AVISHAY ARTSY: It’s a Thursday evening. Parents mull around the lobby of RM Marrs Magnet Center, a middle school in south Omaha. It’s an area that’s predominantly Latino. And the students have invited their parents so they can teach them how to be better financial managers.
ERIN RUIS: Hello.
PARENT: What is this?
OK, this is a brochure that tells you what’s going on tonight. . .
Erin Ruis, an economics teacher at RM Marrs, greets parents with a list of workshops on topics like budgeting, taxes and online banking.

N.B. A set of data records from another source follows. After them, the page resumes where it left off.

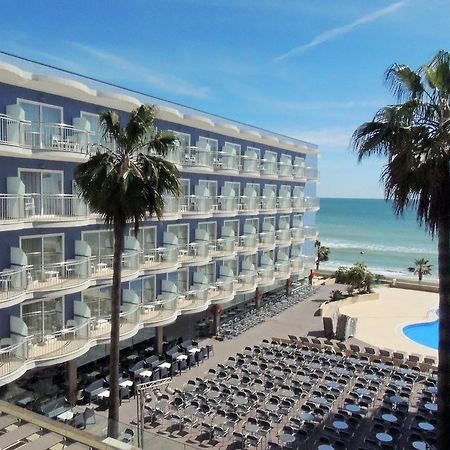 Hotel Augustus Кембрилс Екстериор снимка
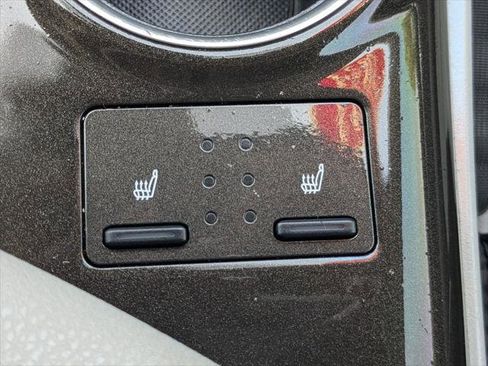 Certified 2023 Toyota Camry XLE FWD image 21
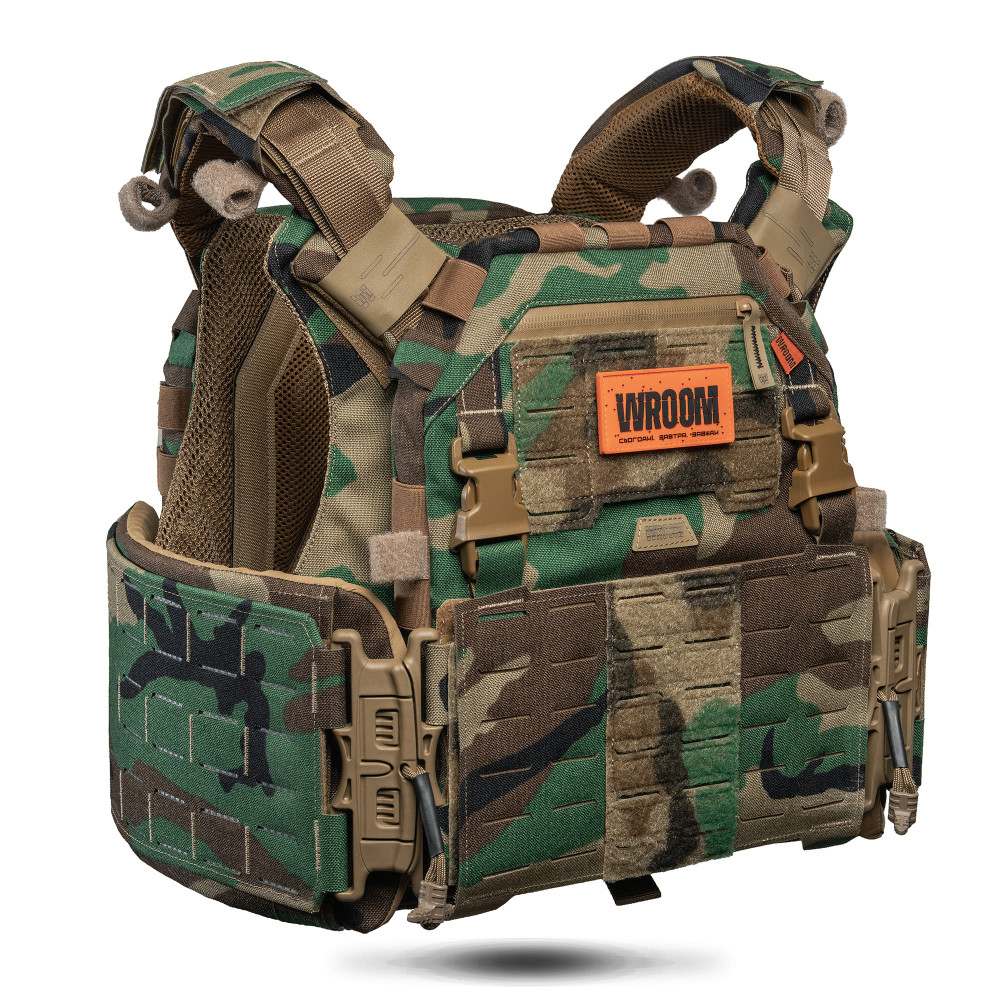 Body Armor Level 6 GHOST GEN5+ PRO with Level 6 Plates and Level 2 Side Ballistic Protection. Color Multicam Woodland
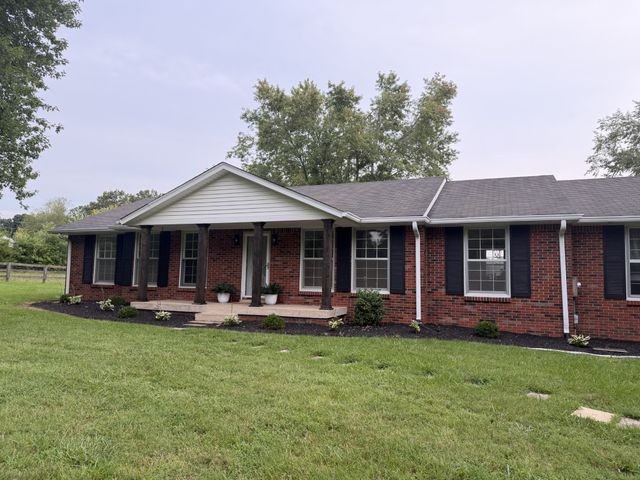 920 Clearview Rd, Cottontown, TN 37048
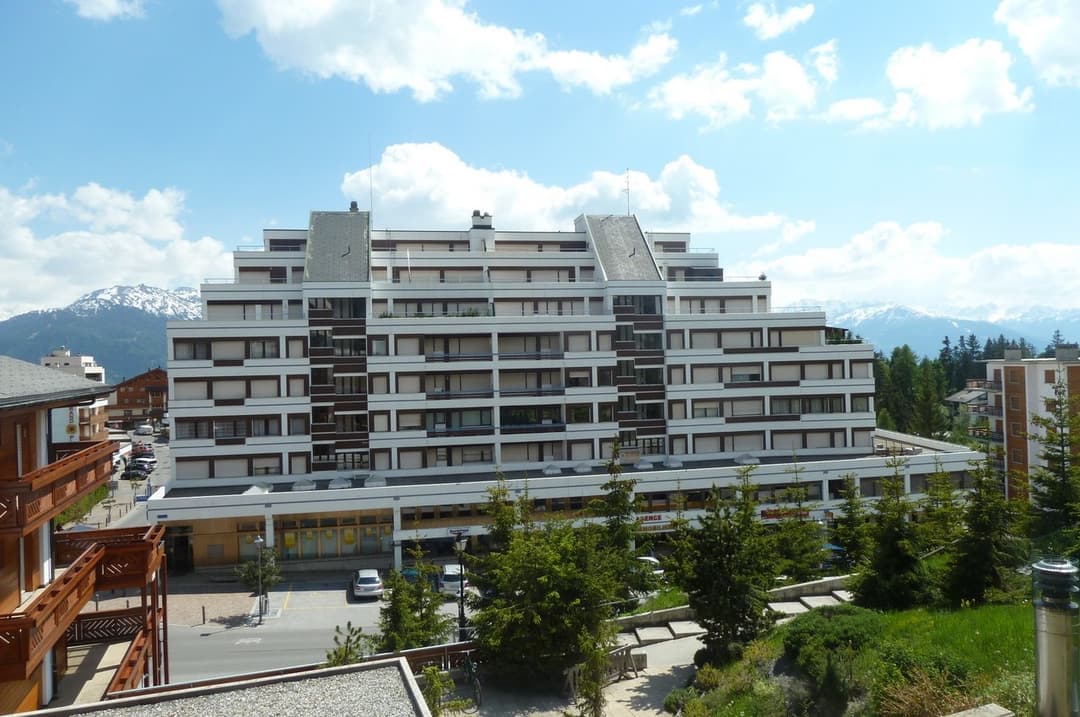 1721 – Appartement – 5pièces – 2500000CHF  – 183m²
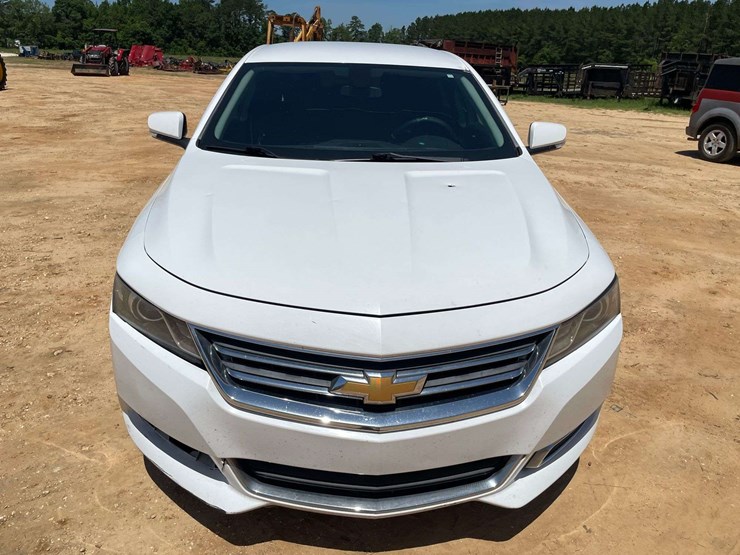 2017-chevrolet-impala-4-door-sedan-(180,759-miles)-image-5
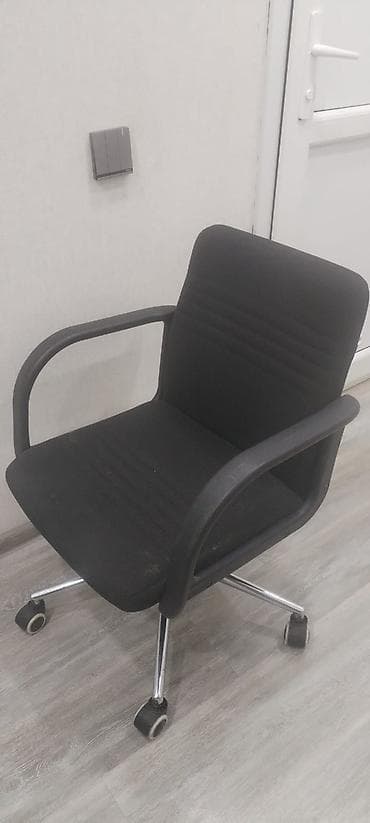 tək kreslo: Təkərli, Qolları tənzimlənmir, Parça — 1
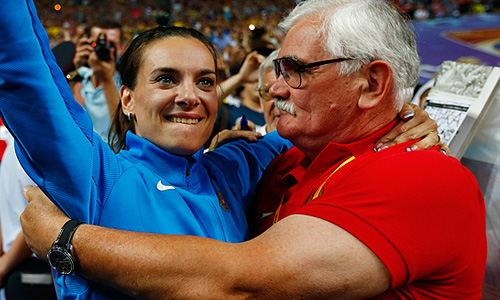 Российская спортсменка Елена Исинбаева с тренером Евгением Трофимовым после победы в финальных соревнованиях по прыжкам с шестом среди женщин на чемпионате мира по легкой атлетике в Москве.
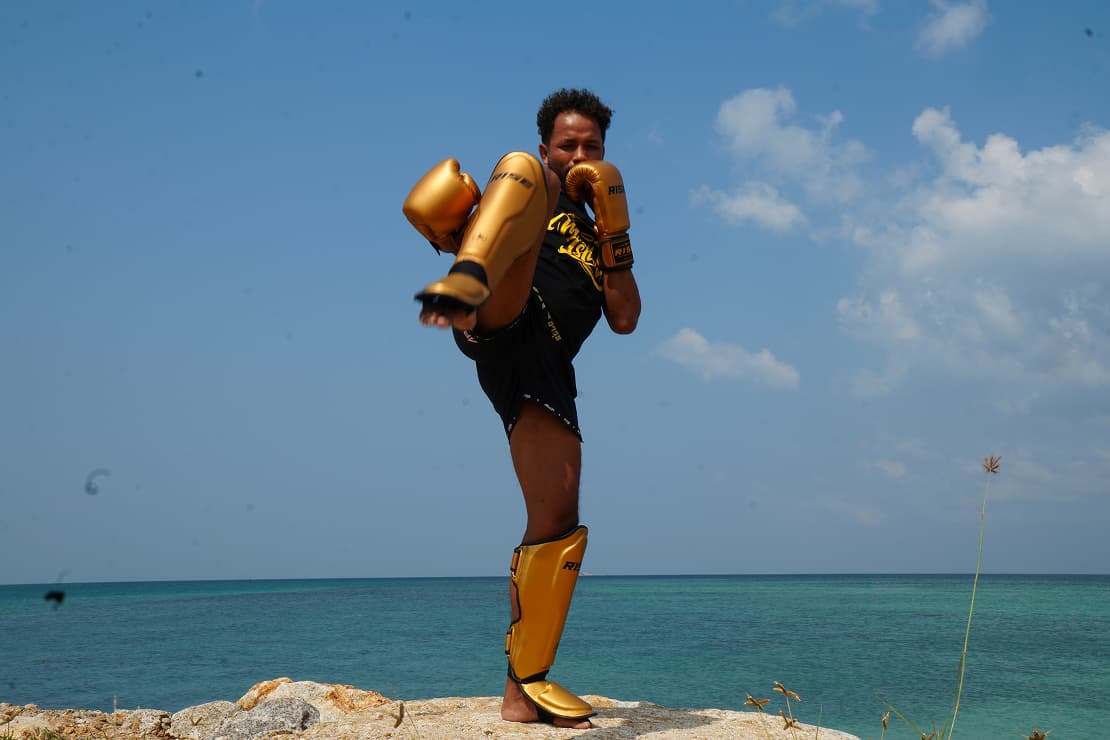 Kru Chalawan testing Rise Equipment. Photo: MTI Team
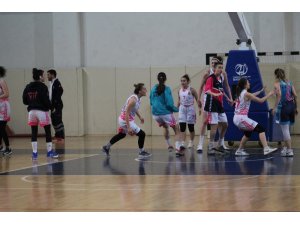 Yalova’da kadın basketbolcular kavga etti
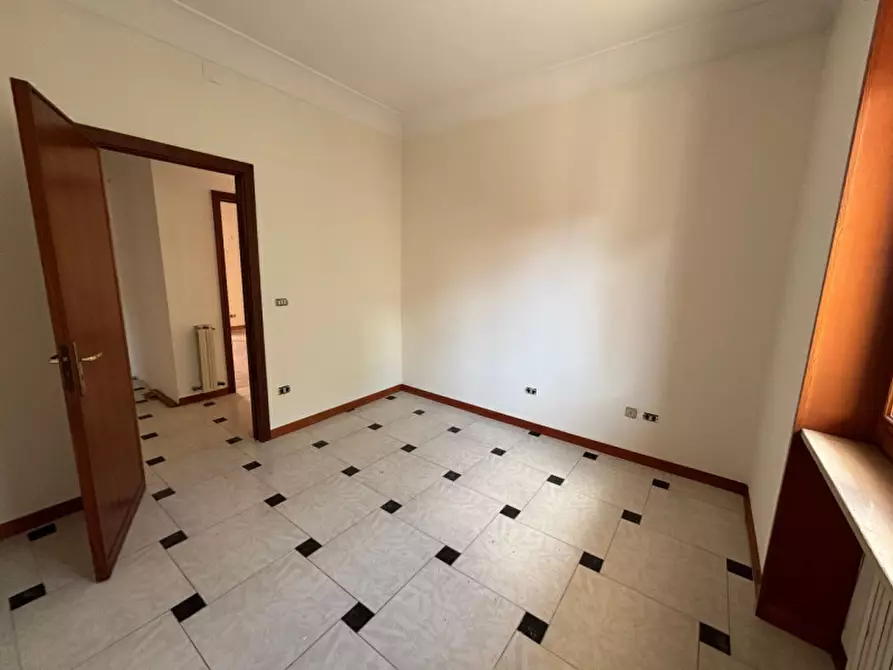 Immagine 18 di Appartamento in vendita  in Via Francesco Ferruccio a Parabita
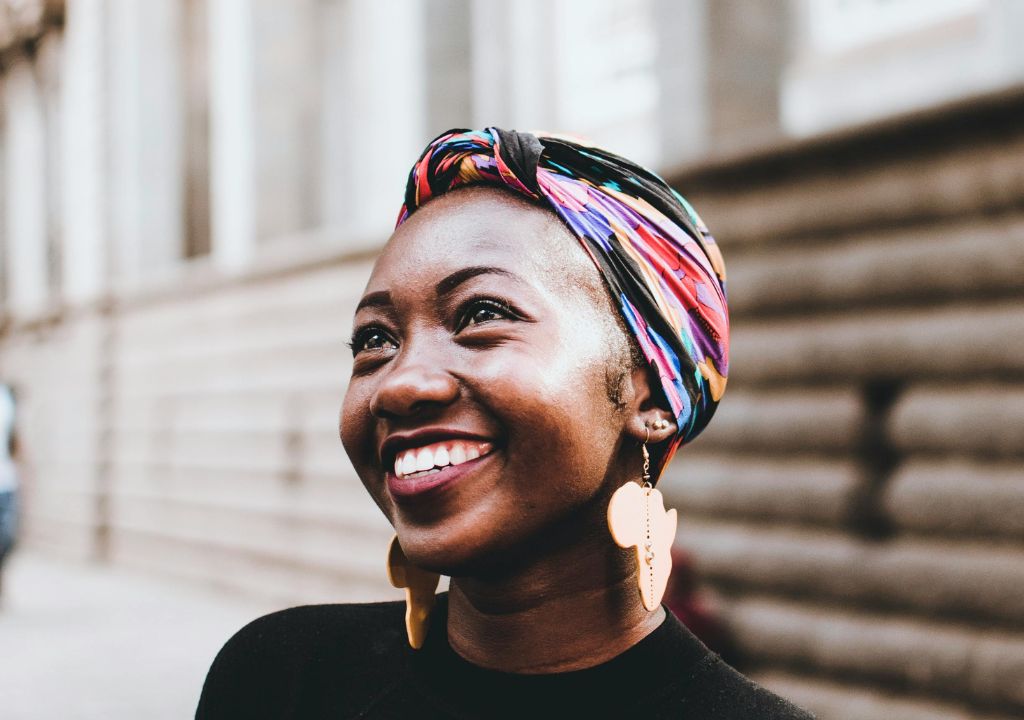 smiling lady with black skin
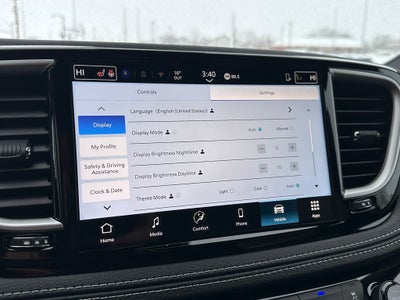 2026 Chrysler Pacifica Select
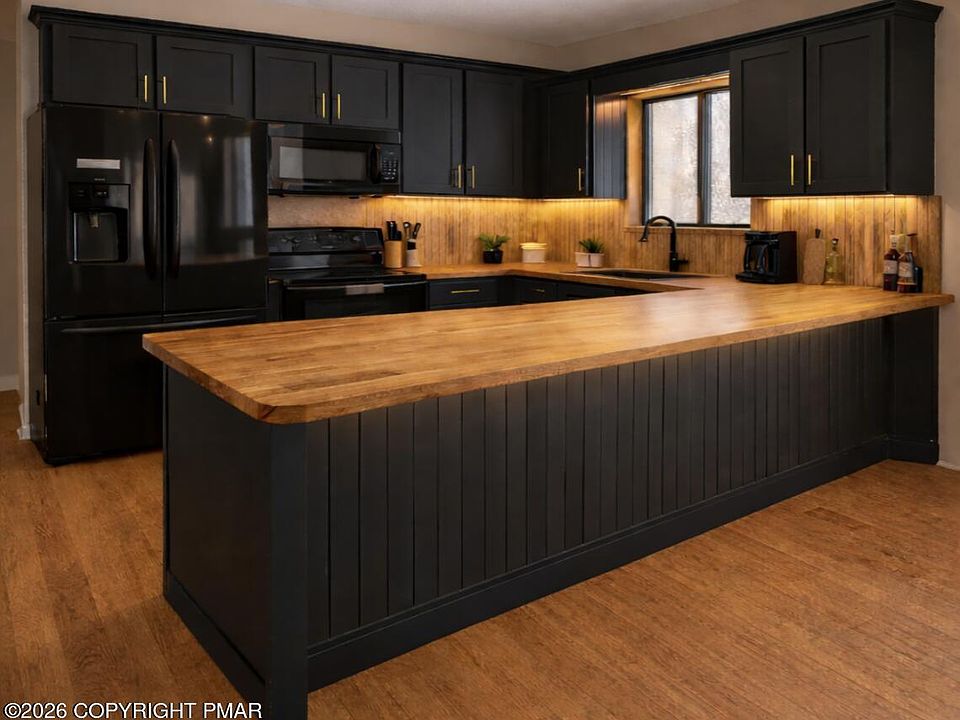 1st image of 8 Louis Ln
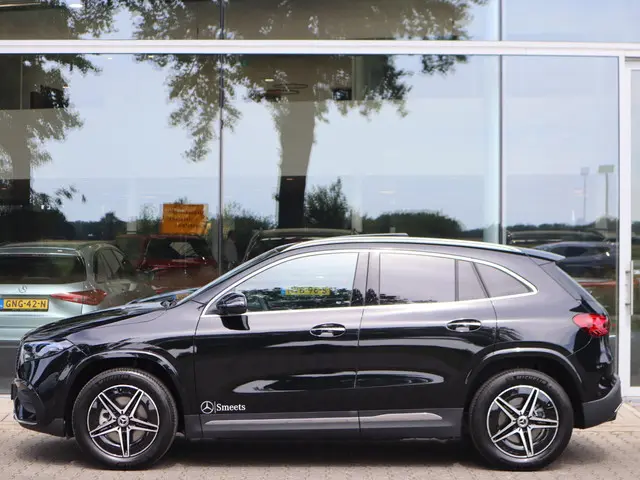 Mercedes-Benz EQA 250+ AMG Line 71 kWh 2025 Elektrisch 4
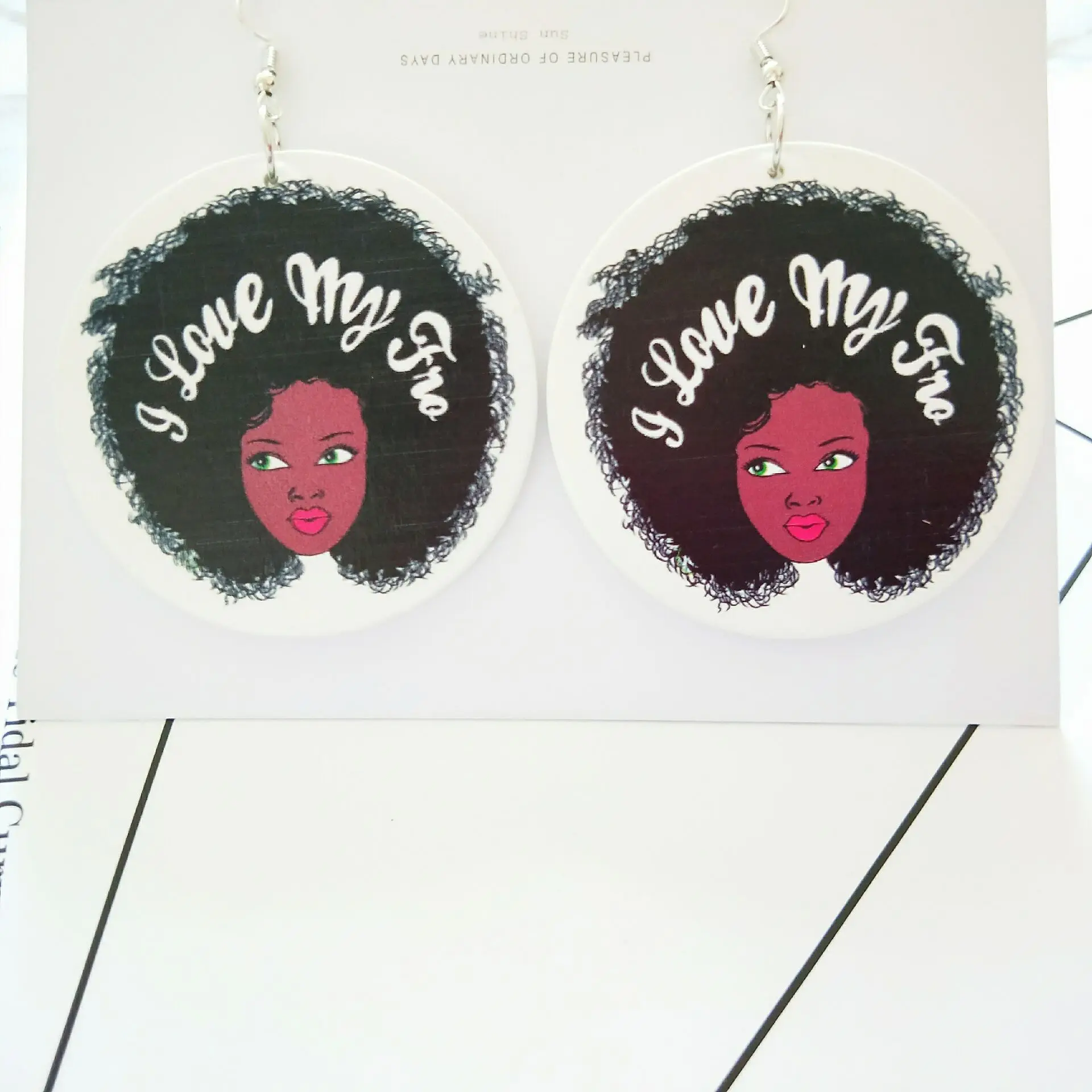 Exaggerated Africa Human Head Printed Geometric Round Earrings Ethnic Fashion Wooden Pendant Earrings, Color
Exaggerated Africa Human Head Printed Geometric Round Earrings Ethnic Fashion Wooden Pendant Earrings, Color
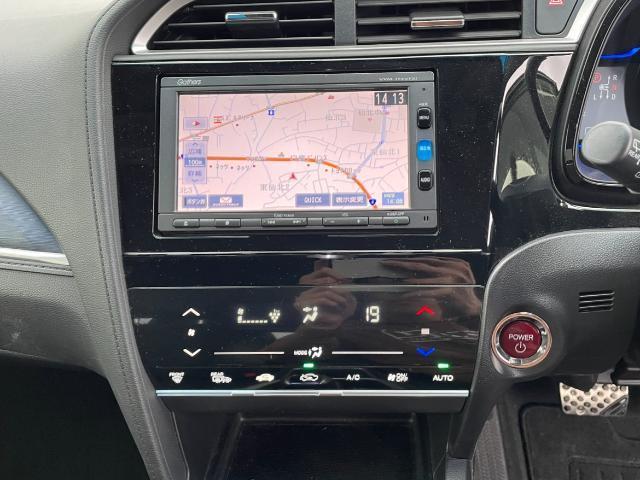 シャトル ハイブリッドX 純正SDナビ フルセグTV/CD/DVD/Bluetooth バックカメラ 4WD LEDヘッドライト パドルシフト クルーズコントロール ETC ハーフレザーシート 純正前方ドライブレコーダー(3枚目)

RUIS: These are seventh and eighth-grade students are putting on these presentations tonight. We’re the only junior academy of finance in the nation. And we’re really excited about this, because our kids are learning about things that students in other junior highs aren’t exposed to.
AARON ALVAREZ: We will show you how to be more comfortable with using an online banking account. Si ustedes qui . . .
Twelve-year-old Aaron Alvarez helps lead one of the workshops. His mother, Nora Chavez, says she’s glad her son has learned about managing money, and can tell her how.
NORA CHAVEZ: Because we didn’t know about the banking online, about the things like credit cards, interest. And we just were, you know, borrowing money and doing things that we made a lot of mistakes by. Didn’t paying attention at the interest and things like that.
Chavez says now, her son won’t make the same mistakes she did.
A third of U.S.-born Hispanic residents and over half of all Mexican immigrants lack bank accounts, according to the 2000 Census. Latinos also have lower homeownership rates and less access to brokerage services.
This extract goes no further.